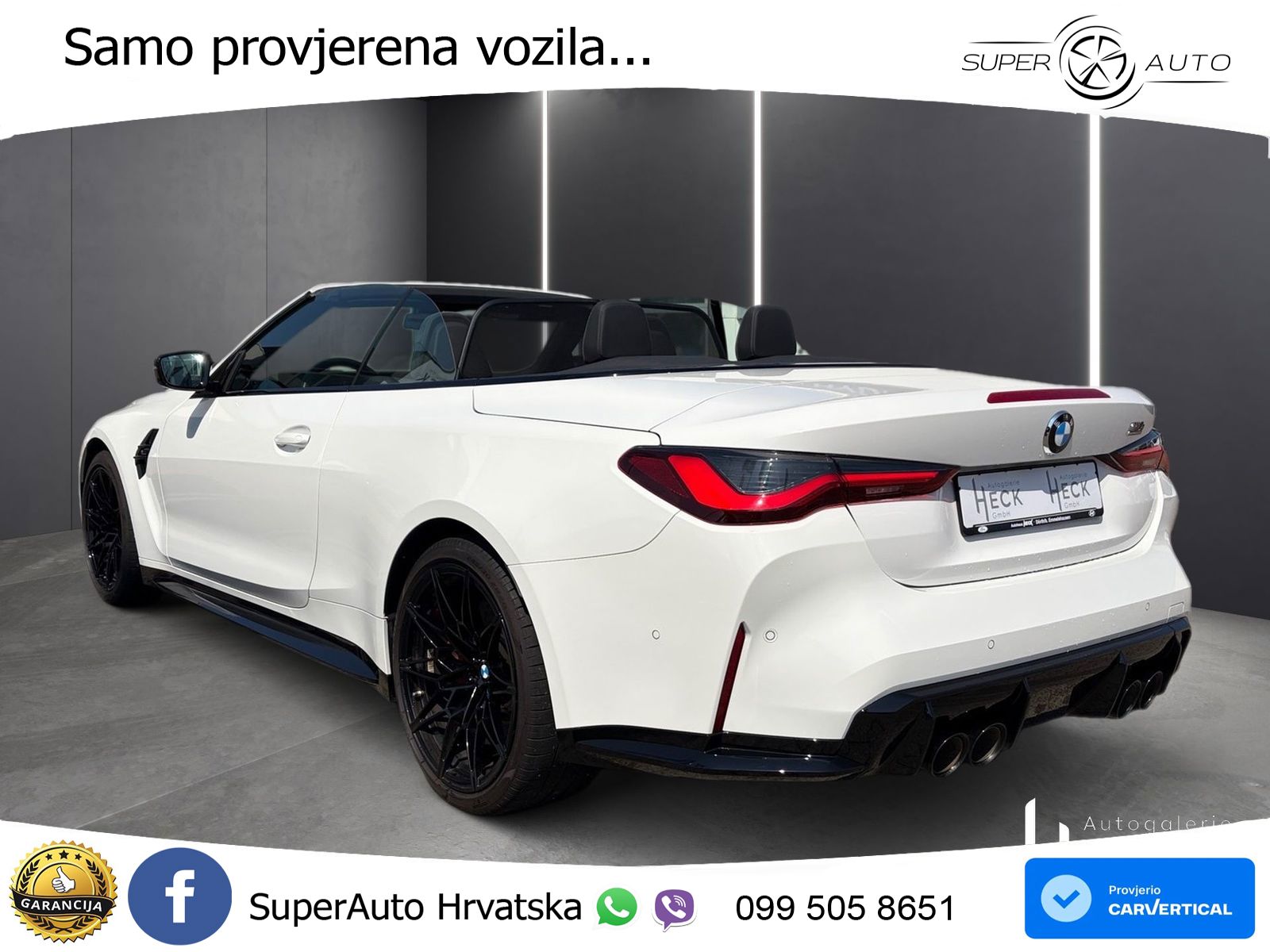 BMW M4 Convertible Competition 3.0 (510 KS) xDrive Steptronic LED+GR SJED+ACC
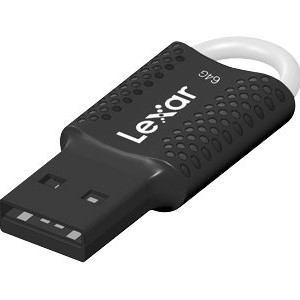 Lexar | USB zibatmiņa | JumpDrive V40 | 64 GB | USB 2.0 | Melna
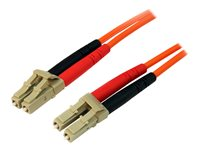 StarTech.com 5m Fiber Optic Cable - Multimode Duplex 50/125 - LSZH - LC/LC - OM2 - LC to LC Fiber Patch Cable - Nätverkskabel - LC multiläge (hane) till LC multiläge (hane) - 5 m - 5 m - fiberoptisk - duplex - 50/125 mikron - för P/N: GLCLHSMDSTTA, GLCSXMMDST, GLCSXMMDSTT, JD118BST, MASFP1GBSXST, SFP100BFXST 50FIBLCLC5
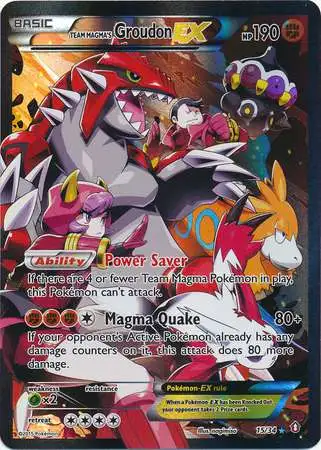 Pokemon X & Y Double Crisis Ultra Rare Team Magma's Groudon EX #15 [Lightly Played]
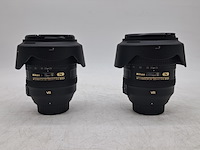 2x camera lens, nikon, af-s nikkor 24-120mm 1:4g ed - afbeelding 2 van  8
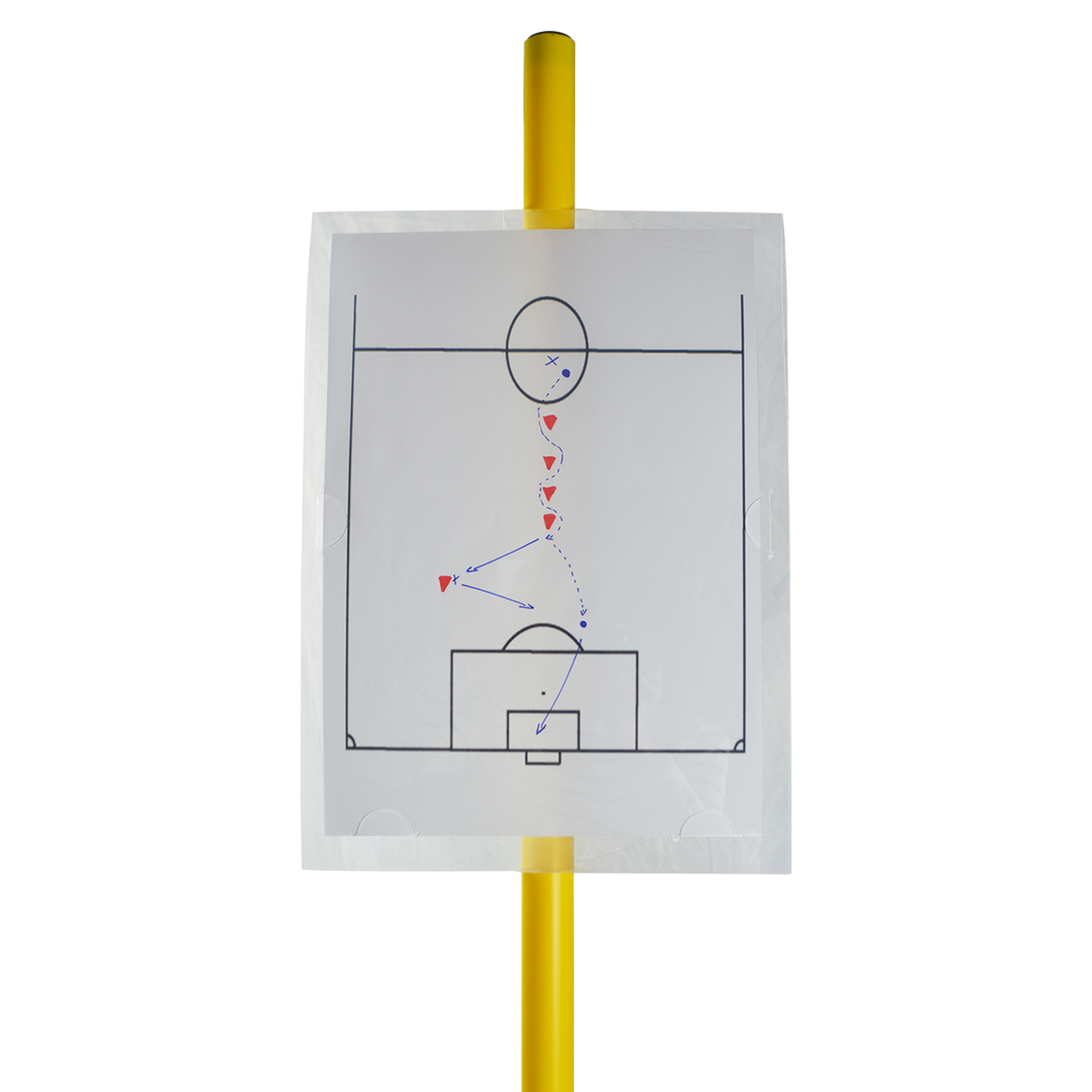 Piquet de slalom composé de socle caoutchouc - Teissier Sport
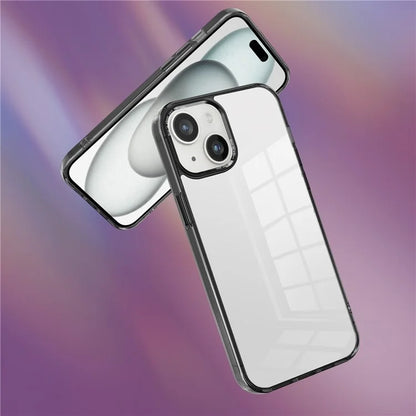 For iPhone 15 Plus Clear Case Anti-Drop Slim PC+TPU Phone Protector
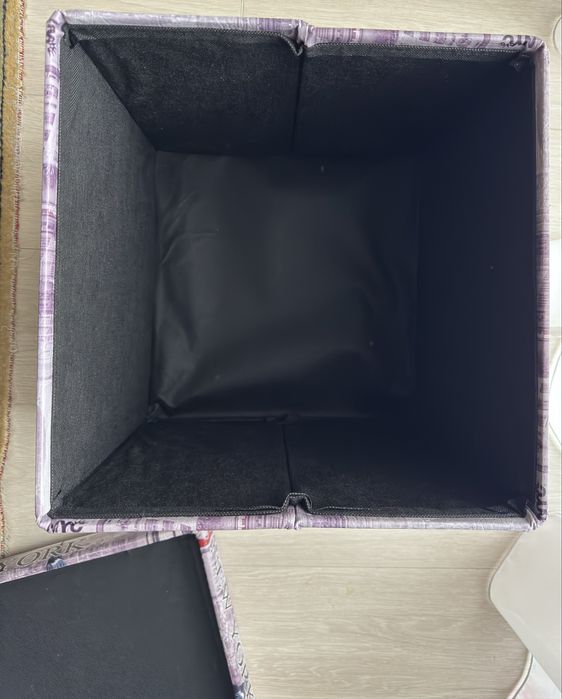 Табуретки с място за съхранение 35х35 см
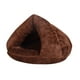thumbnail image 1 of Xihbxyly Cama Cálida de Invierno para Mascotas, Caseta Triangular para Perros, Saco de Dormir de Felpa Suave, Cómoda y Cálida, Ideal para Mascotas Pequeñas y Medianas, Ideal para Perros y Gatos, Tama, 1 of 2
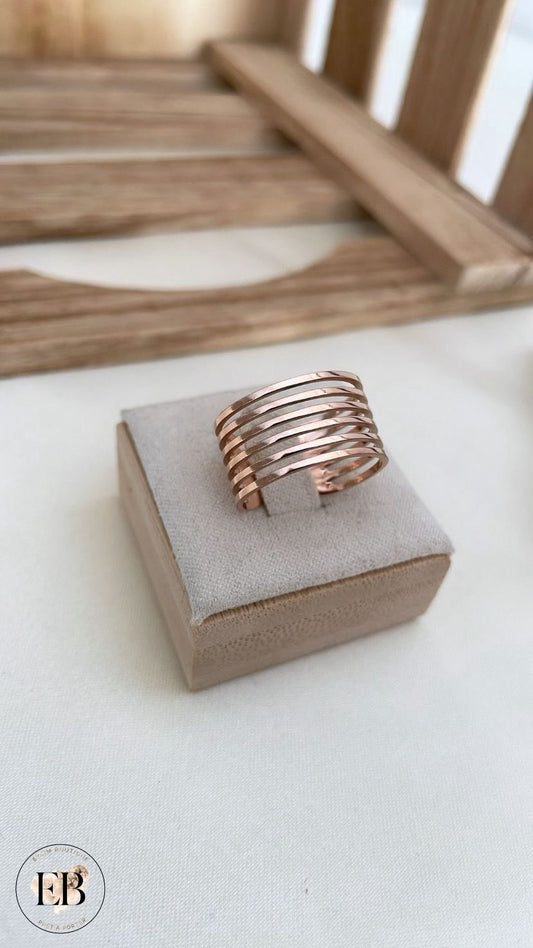Bague réglable [ Rose gold ]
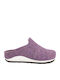 Anatomical Leather Women's Slippers Lilac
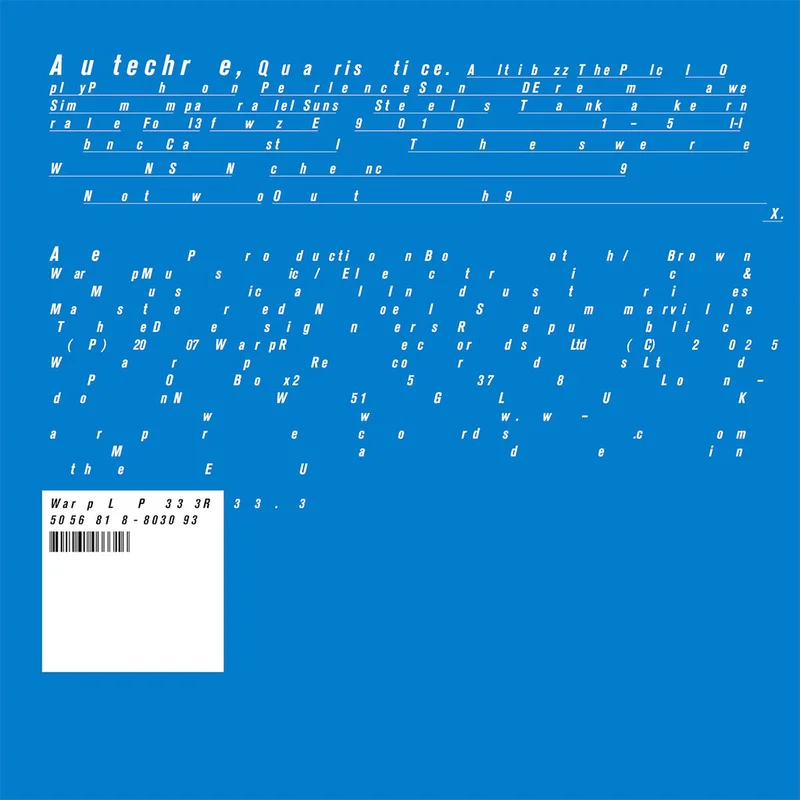 AUTECHRE - Quaristice (Reissue) - 2LP - Vinyl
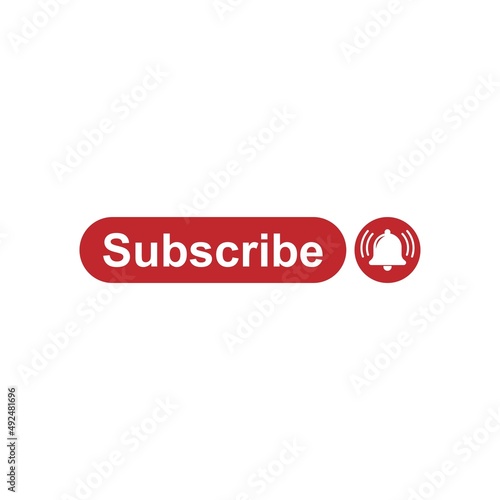 Subscribe icon logo design illustration template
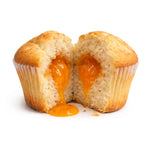15 Muffin proteici con Cuore all'Albicocca, muffin dal cuore morbido all'albicocca per dieta chetogenica.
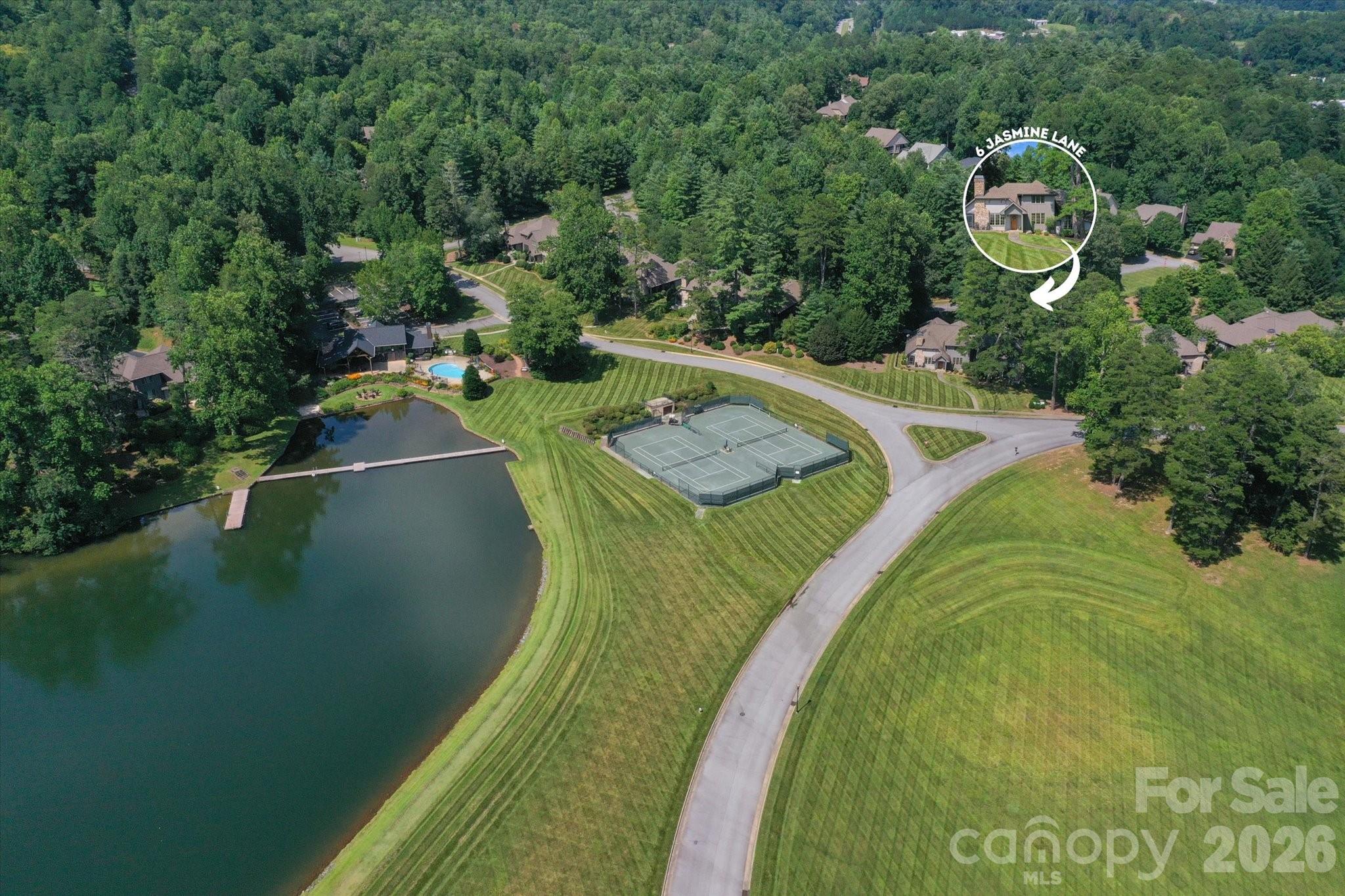 Across from Straus Lake - 6 Jasmine Lane, Brevard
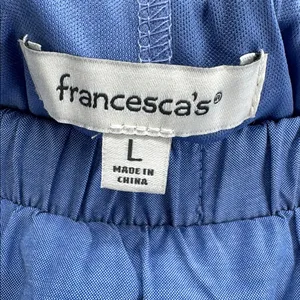 Francesca's Collections Blue Maxi Skirt Lace Accent western boho country cottage thumbnail 7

============================================================

### EXERCISE
From the first line to the last, output the data exactly, without the pictures.

### ANSWER BOX
 BMW M4 Convertible Competition 3.0 (510 KS) xDrive Steptronic LED+GR SJED+ACC
 Lexar | USB zibatmiņa | JumpDrive V40 | 64 GB | USB 2.0 | Melna
 StarTech.com 5m Fiber Optic Cable - Multimode Duplex 50/125 - LSZH - LC/LC - OM2 - LC to LC Fiber Patch Cable - Nätverkskabel - LC multiläge (hane) till LC multiläge (hane) - 5 m - 5 m - fiberoptisk - duplex - 50/125 mikron - för P/N: GLCLHSMDSTTA, GLCSXMMDST, GLCSXMMDSTT, JD118BST, MASFP1GBSXST, SFP100BFXST 50FIBLCLC5
 Pokemon X & Y Double Crisis Ultra Rare Team Magma's Groudon EX #15 [Lightly Played]
 2x camera lens, nikon, af-s nikkor 24-120mm 1:4g ed - afbeelding 2 van  8
 Piquet de slalom composé de socle caoutchouc - Teissier Sport
 For iPhone 15 Plus Clear Case Anti-Drop Slim PC+TPU Phone Protector
 Табуретки с място за съхранение 35х35 см
thumbnail image 1 of Xihbxyly Cama Cálida de Invierno para Mascotas, Caseta Triangular para Perros, Saco de Dormir de Felpa Suave, Cómoda y Cálida, Ideal para Mascotas Pequeñas y Medianas, Ideal para Perros y Gatos, Tama, 1 of 2
Bague réglable [ Rose gold ]
 Anatomical Leather Women's Slippers Lilac
 AUTECHRE - Quaristice (Reissue) - 2LP - Vinyl
 Subscribe icon logo design illustration template
15 Muffin proteici con Cuore all'Albicocca, muffin dal cuore morbido all'albicocca per dieta chetogenica.
 Across from Straus Lake - 6 Jasmine Lane, Brevard
 Francesca's Collections Blue Maxi Skirt Lace Accent western boho country cottage thumbnail 7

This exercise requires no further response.